PROBLEM DESCRIPTION => I would like the lines below, from the one with "Used 2024 Toyota Camry SE FWD image 44" through the one with "9 Cannon St, Poughkeepsie, NY", copied exactly and without any pictures.

EXCERPTED RECORDS =>
__________________________________________________

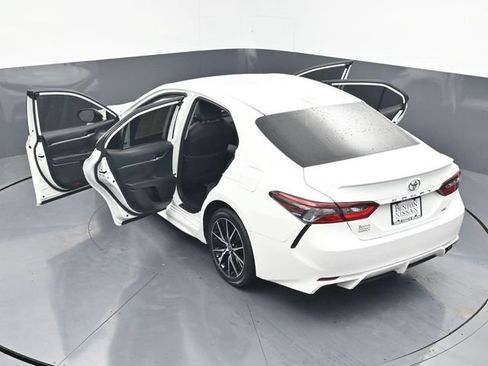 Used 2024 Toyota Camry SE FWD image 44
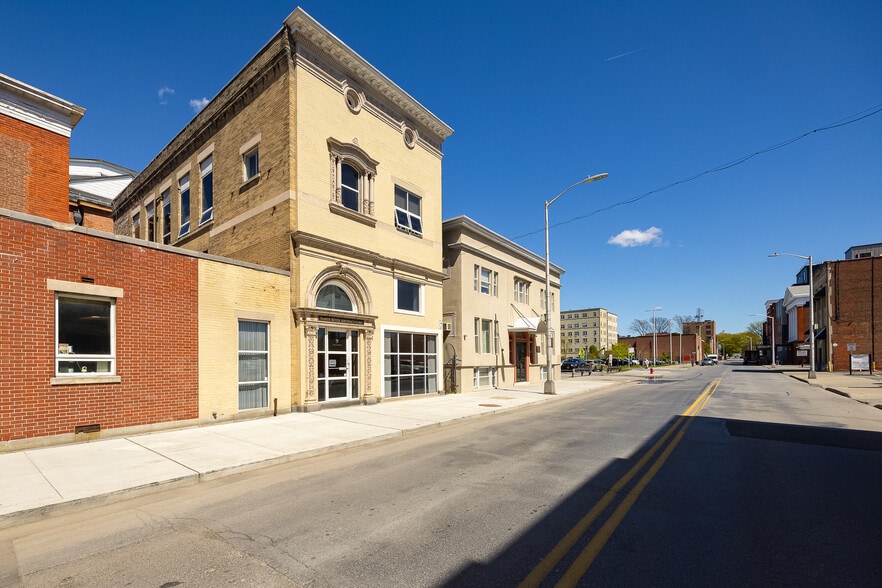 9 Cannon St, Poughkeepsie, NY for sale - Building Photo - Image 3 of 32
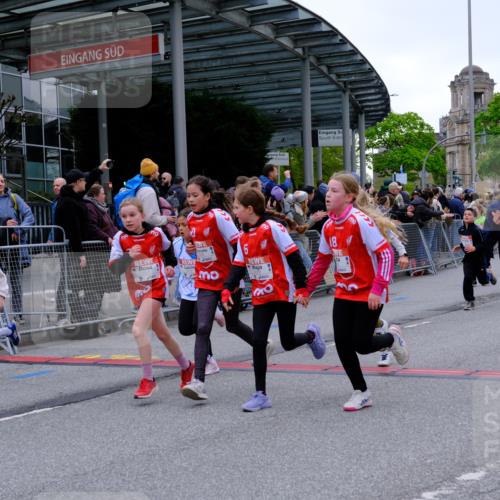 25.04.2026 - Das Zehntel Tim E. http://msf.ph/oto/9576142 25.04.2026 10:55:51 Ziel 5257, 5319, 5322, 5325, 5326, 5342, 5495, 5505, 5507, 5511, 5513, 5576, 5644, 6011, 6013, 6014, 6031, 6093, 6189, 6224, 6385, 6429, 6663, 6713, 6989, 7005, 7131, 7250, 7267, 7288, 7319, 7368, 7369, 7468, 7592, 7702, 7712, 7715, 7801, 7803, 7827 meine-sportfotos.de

__________________________________________________

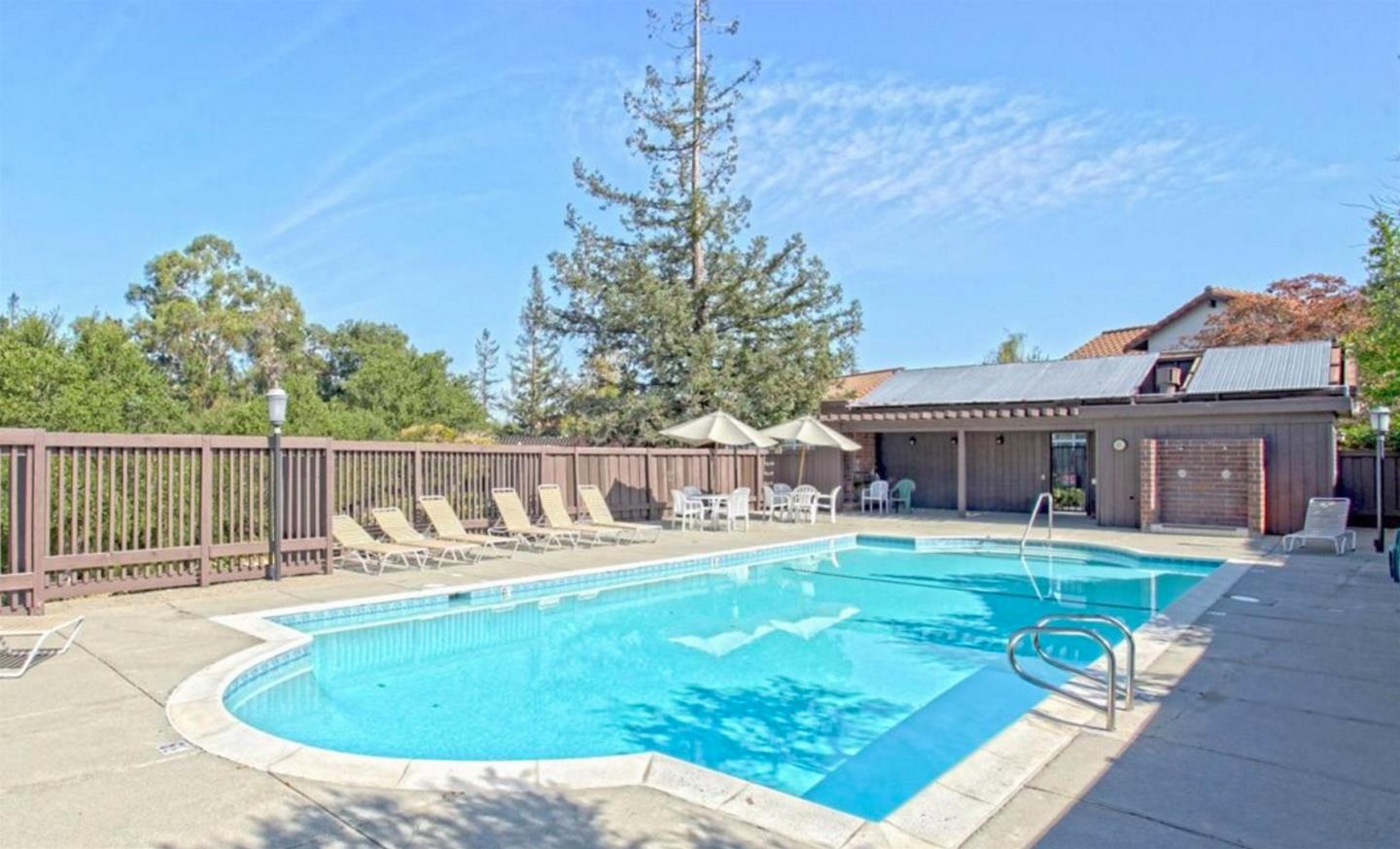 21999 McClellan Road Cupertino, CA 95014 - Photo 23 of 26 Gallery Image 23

__________________________________________________

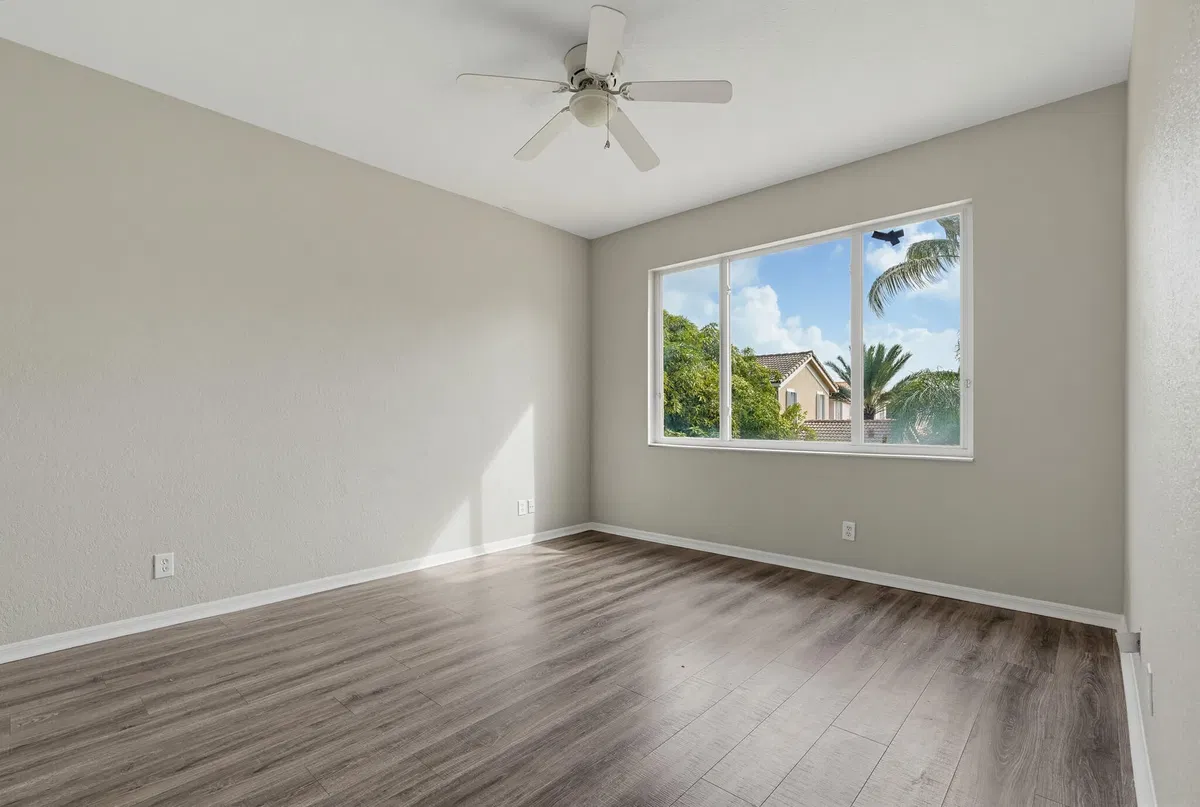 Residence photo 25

__________________________________________________

EXERCISE RESULT =>
 Used 2024 Toyota Camry SE FWD image 44
 9 Cannon St, Poughkeepsie, NY for sale - Building Photo - Image 3 of 32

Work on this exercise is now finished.